That was the view espoused by chairman of Centre Reinsurance Companies and Zurich Reinsurance Centre Holdings, Steven Gluckstern, during panel discussions on future trends in the industry, moderated by founder and former ACE Ltd. chairman, John Cox.

With respect to the kinds of returns that can be earned in traditional risk relationships involving insurers and reinsurers, Mr. Gluckstern said it was becoming more and more difficult to satisfy shareholders.

People, he said, are looking for the kind of scale needed in order to have a comprehensive relationship between risk-taker and risk-provider. Insurers are concerned about the ability of these firms to withstand the heavy cyclical losses typical in the industry.
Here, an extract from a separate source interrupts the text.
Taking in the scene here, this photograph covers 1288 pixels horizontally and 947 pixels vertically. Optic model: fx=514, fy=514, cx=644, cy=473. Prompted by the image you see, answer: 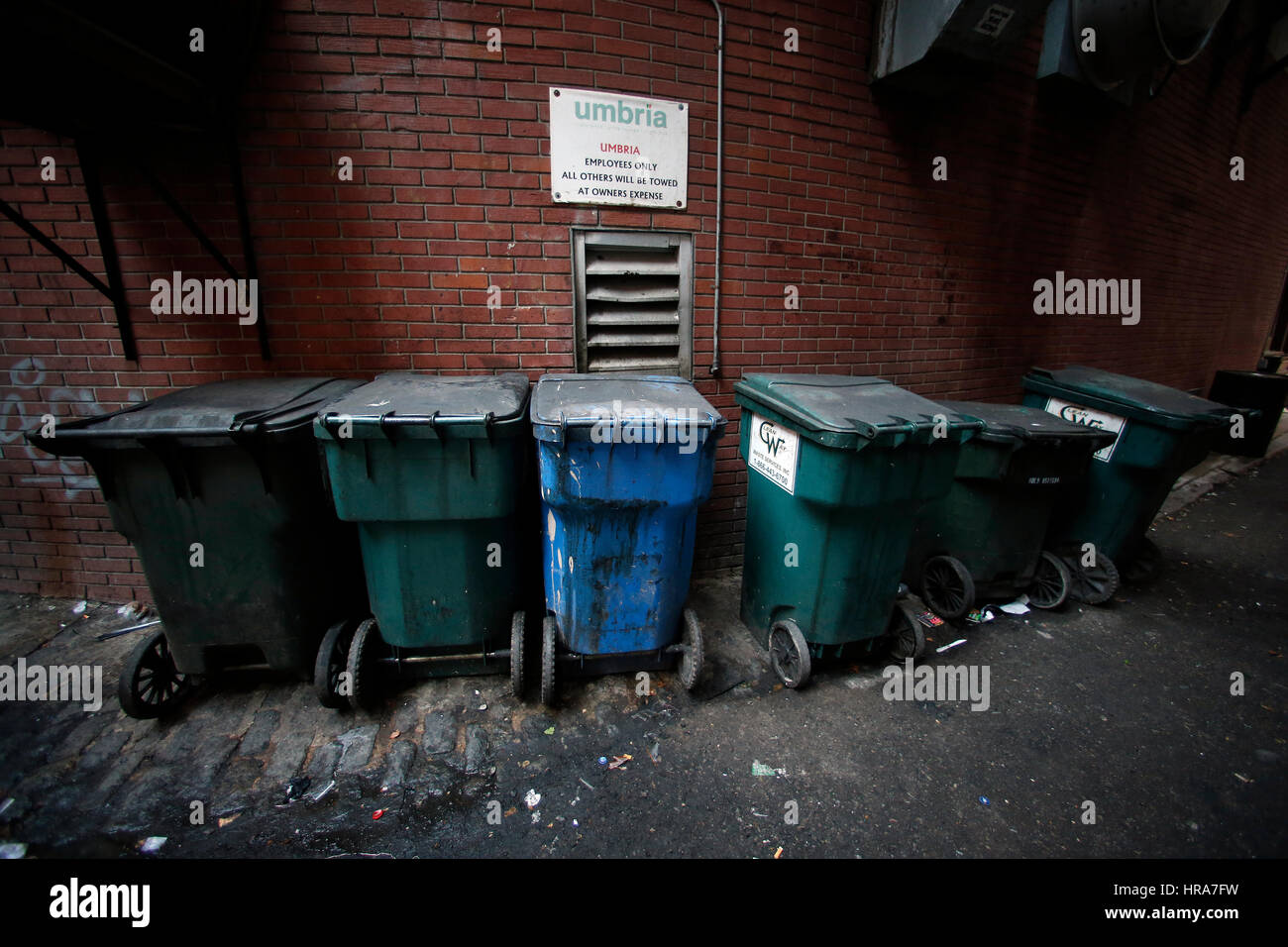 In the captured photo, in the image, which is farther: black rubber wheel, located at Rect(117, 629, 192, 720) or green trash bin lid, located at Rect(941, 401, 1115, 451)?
green trash bin lid, located at Rect(941, 401, 1115, 451)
"Even today,'' he said, "in asbestos losses or environmental losses, the reality is that people don't really know how they will end up. They're not really sure how big the losses will be.

"That's one of the reasons that people will grab for size. If you have a little more size, you are more likely to withstand the losses, the size of which are still in the realm of the unknown.

"So big players will continue to get bigger. That is being demanded by customers, who are correctly getting more and more nervous about dealing with people who can't withstand those kinds of shocks that are inevitable in our business.'' ACE chairman and CEO Brian Duperreault said movement to size is not just being driven by buyers. Brokers and rating agencies are pushing for size, too.

ACE vice chairman, Don Kramer, whose Tempest Re was acquired by ACE, talked about the unemployment of capital in the reinsurance industry.

He noted: "Bermuda now has seven companies that have excess of a billion dollars of capital. Only the United States has a greater number. There are not that many in the UK.'' But he also said that while it was true there were significant moves toward consolidation, there were also some 465 new companies in the business that were too new to be assessed by rating agencies.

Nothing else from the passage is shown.